Different gear for different rides: What are your priorities?

Feb 17, 2020

I could sit here and preach that every single time I ride it’s always inside the absolute pinnacle of safety gear that I have in my garage. But that wouldn’t be true.

I make compromises. I wear a mesh jacket when it’s a thousand degrees out, because it’s more comfortable than my leather one. And that’s just the beginning. Some people are firm believers in All The Gear, All The Time (ATGATT), but I think most of us take a more flexible approach. “All generalizations are false, including this one,” goes the famous Mark Twain quote and hey, maybe he was talking about ATGATT. We ride motorcycles, after all, so we must have some comfort level with shifting levels of risk.

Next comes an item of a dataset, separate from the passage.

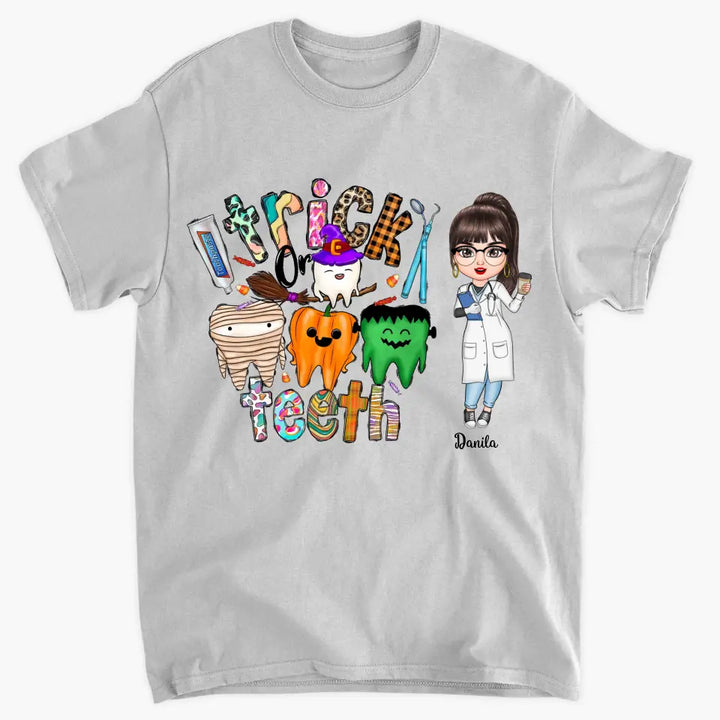Personalized Custom T-shirt - Halloween, Appreciation Gift For Nurse, Doctor - Trick Or Teeth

As a kid, I was extremely uncompromising because I thought the gear was cool. Mick Doohan was my hero and he was always covered head-to-toe in fresh kit. That meant that when I bombed around the yard on my dirt bike I wanted to wear all of the gear I owned. Huge, bulky roadracing gloves, armor if I had any that fit, and my dad’s hand-me-down racing helmet. (I used my allowance to buy a tinted visor.) My pops would sometimes bop over to a neighbor’s house in the summer in an open-face helmet, and even before I had body hair I would let him have it like he was betraying the rules of the house. How could he wear that? Chin exposed! Is he nuts?

Now, as an adult, I really enjoy an open-face helmet, under the right circumstances. I typically only use it for hopping around the neighborhood on my 50 cc scooter, but I’ve come to love the wind on my face and the ease of being able to talk to a cashier without taking my helmet off. Beyond that, I’ve noticed a different kind of engagement with people as I ride — pedestrians are friendlier and drivers are more apt to make eye contact — which I attribute to my face being visible. I also noticed my peripheral vision is much wider. Riding around on a Honda NC750X recently I realized my beloved full-face lid blocks my view of the mirrors in my natural riding position, where an open-face would not. It’s a compromise in impact safety, no doubt, but I would argue there are some gains, too.

Zack on the track
When Zack was testing the Ducati Panigale V2, there was no doubt about what he'd be wearing: the best kit he could muster. But does a ride around the neighborhood on his scooter require the same level of protection? Photo by Milagro.

What’s your priority list of gear?

A game of hypotheticals to play with your friends (or in the comments below) is to ask which gear is most important to you. If you could only wear one piece of equipment, what would it be? I really hope your answer is a helmet.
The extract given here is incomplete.